One of the individual defendants, Herbert J. Frank, moved to dismiss this action, as to him, for lack of this Court’s jurisdiction over him and insufficiency of service of process upon him. The issue before me is whether defendant-Frank has waived his right to challenge a jurisdictional defect established as the result of Shaffer v. Heitner, 433 U.S. 186, 97 S.Ct. 2569, 53 L.Ed.2d 683 (1977), a decision handed down after Frank had entered his general appearance in this action.

*228The present suit was filed on January 13, 1973, by plaintiff against corporate defendants Aerosonic Corporation and Artko Corporation, (both of which are incorporated in Delaware), certain present or former directors of Artko, three accounting firms and defendant-Herbert J. Frank (Frank), who is the President of Aerosonic.

On January 15, 1973, upon plaintiff’s application, a Sequestration Order was entered pursuant to 10 Del.C. § 366.1 In compliance with that Order 315,952 shares of Aerosonic stock owned legally and beneficially by Frank were seized. Frank, by special appearance, then moved to quash, vacate and dismiss the Sequestration Order and Writ issued on the Order. Following the denial of Frank’s Motion, which did not challenge the constitutionality of the statute under the authority of which his stock was seized, Frank filed an Answer and thereby entered a general appearance on July 19, 1976.
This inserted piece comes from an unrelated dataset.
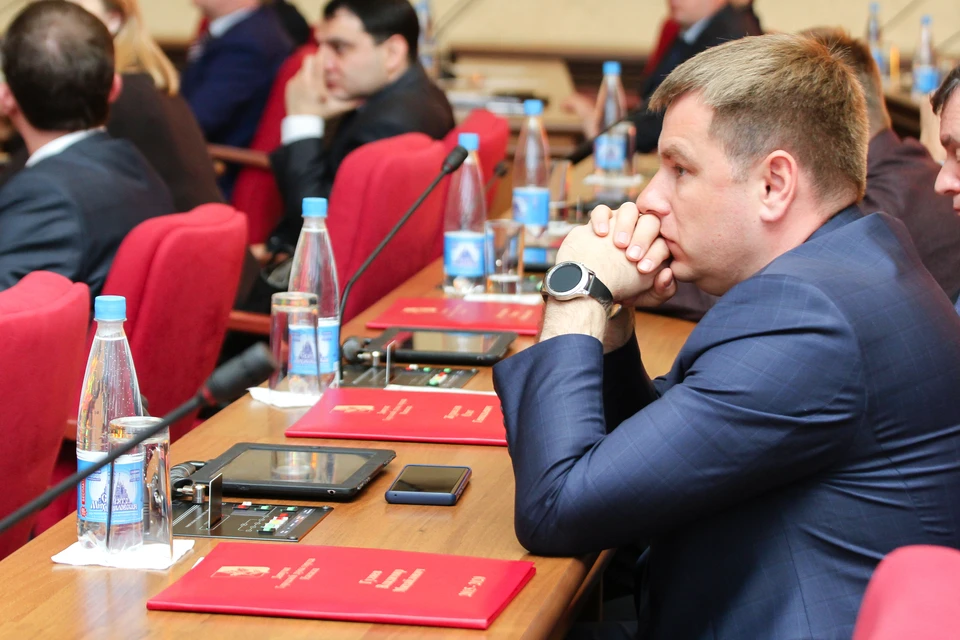 Заместитель мэра по строительству и ЖКХ в Ижевске Владимир Гуляев сложил свои полномочия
In Shaffer v. Heitner, supra, which was handed down on June 24, 1977, the United States Supreme Court held that the provisions of 10 Del.C. § 366 (the Delaware Sequestration Statute) were unconstitutionally used to confer in personam jurisdiction in this Court over a nonresident defendant where the defendant’s necessary minimum contacts with Delaware were absent.2 On September 20, 1977, at least 82 days after learning that Shaffer might provide grounds for dismissal of this action against him, Frank moved for dismissal of this suit on the basis of that heralded decision.3 During that period, Frank took the following discovery related actions:

1. On July 5, 1977, Frank forwarded to plaintiff his Answers to Interrogatories which had been propounded prior to the Shaffer decision; and
2. On July 27,1977, Frank sent plaintiff copies of certain documents which had been previously withheld as privileged.

Production of these documents followed plaintiff’s motion to compel production of the documents and a request for sanctions which were filed on January 11, 1977, although the record does not indicate that these documents were produced specifically in response to that motion.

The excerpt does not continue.